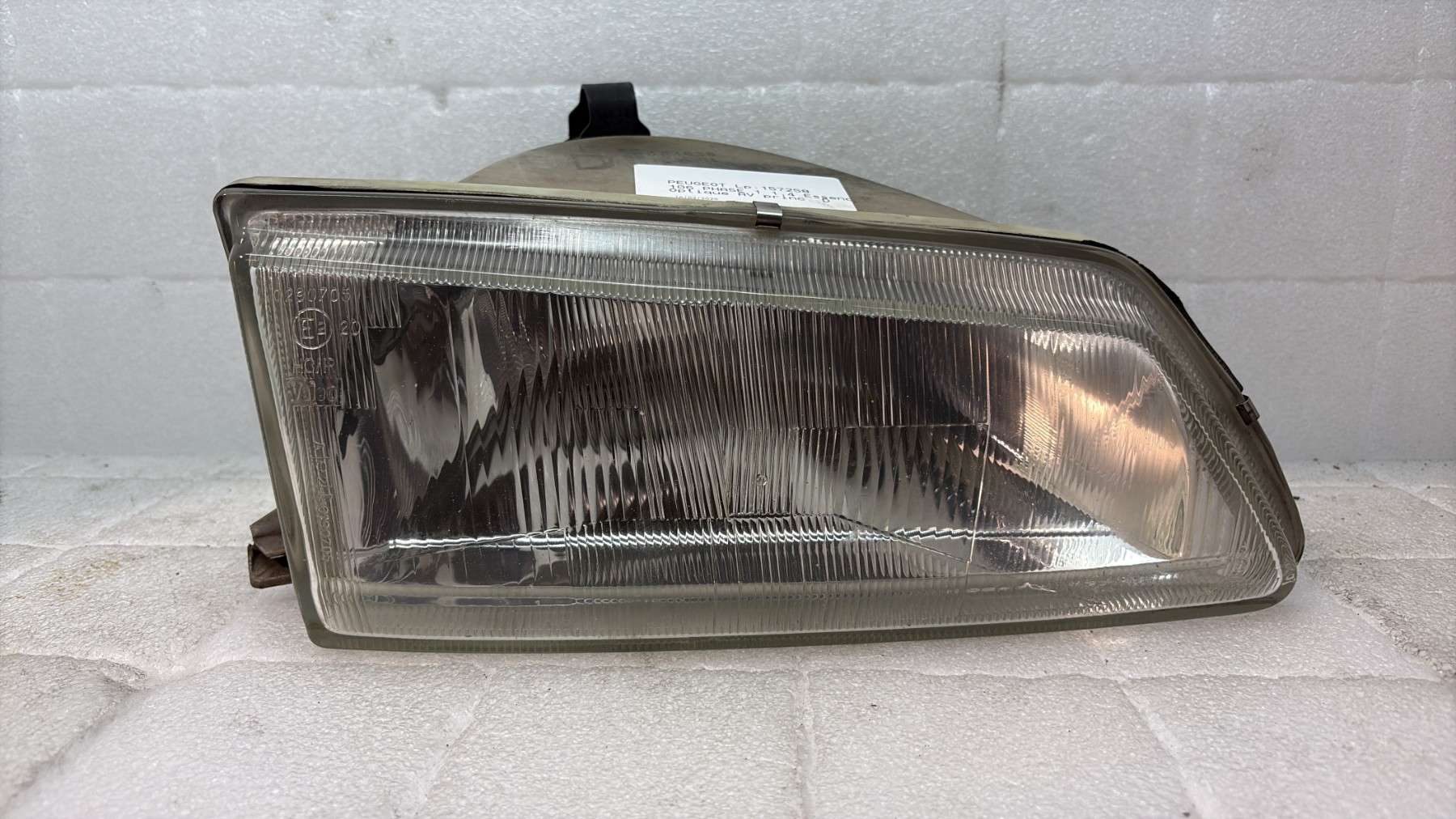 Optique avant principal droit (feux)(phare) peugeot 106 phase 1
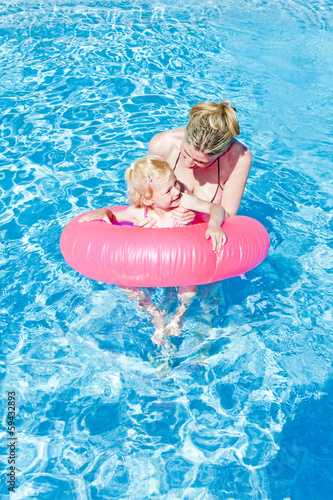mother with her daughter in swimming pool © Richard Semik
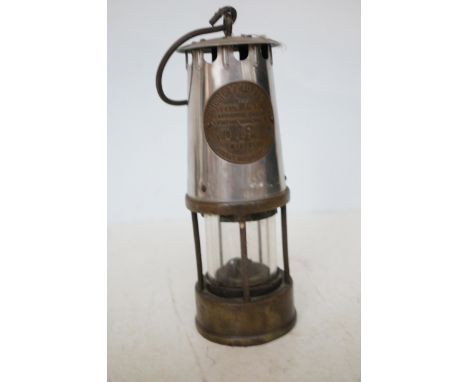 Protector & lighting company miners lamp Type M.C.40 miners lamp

- _Task directions_
Everything in the material above should be reproduced exactly, except the pictures.

- _Your response_
 Optique avant principal droit (feux)(phare) peugeot 106 phase 1
mother with her daughter in swimming pool © Richard Semik
 Protector & lighting company miners lamp Type M.C.40 miners lamp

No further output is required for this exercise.